Qu'est-ce qui vous a poussé à créer Codiac en 1979?
J'ai toujours eu cette envie dans la tête. Il fallait que je trouve l'opportunité, le marché et le produit. J'ai toujours été un homme de challenge. C'est ce qui m'a poussé à créer Codiac. J'ai commencé tout seul dans un local de 6m² et j'ai fini par avoir une entreprise qui générait 30M€ de chiffre d'affaires et qui employait 150 salariés.
Justement comment arrive-t-on à rebondir et à se lancer dans une nouvelle reprise après cette expérience de 25ans?
Avec Norpack l'Emballage industriel, je voulais me prouver que je pouvais recommencer petit. Ce fut plus difficile que je ne l'aurais imaginé. Le marché n'était plus trop porteur. Mon expérience dans la grande distribution m'a permis de me remettre en question. C'est ce qui m'a permis de développer Codiac et aujourd'hui Norpack. Les réseaux m'ont beaucoup apporté dans mon expérience entrepreneuriale.

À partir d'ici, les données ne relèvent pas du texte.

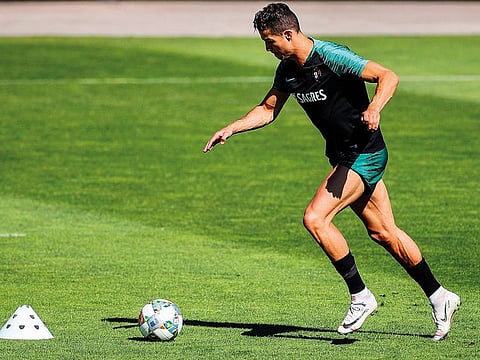 Star forward Cristiano Ronaldo controls a ball during a training session at Portugal’s “Cidade do Futebol” training camp in Oeiras in the outskirts of Lisbon.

Pourquoi vous êtes-vous autant investi dans les réseaux?
J'ai toujours voulu m'investir à fond dans les expériences sur lesquelles j'avais misé. Quand je suis entré au Centre des jeunes dirigeants, c'était pour me sortir de la solitude du dirigeant et pour prendre du recul. Ensuite, je me suis investi car dans un réseau tout devient possible.
Que vous ont apporté les différents réseaux où vous êtes passé?
Ils m'ont apporté des valeurs, celles des hommes et de l'entreprise. Le CJD m'a permis d'aller porter des projets au niveau national, notamment celui portant sur l'employabilité des salariés. Au niveau local, j'ai pu voir que dans notre région, tout le monde va dans le même sens quand il s'agit de développement économique.
Vous êtes l'un des fondateurs du salon Créer et président de la Créativallée, pourquoi vous y investir?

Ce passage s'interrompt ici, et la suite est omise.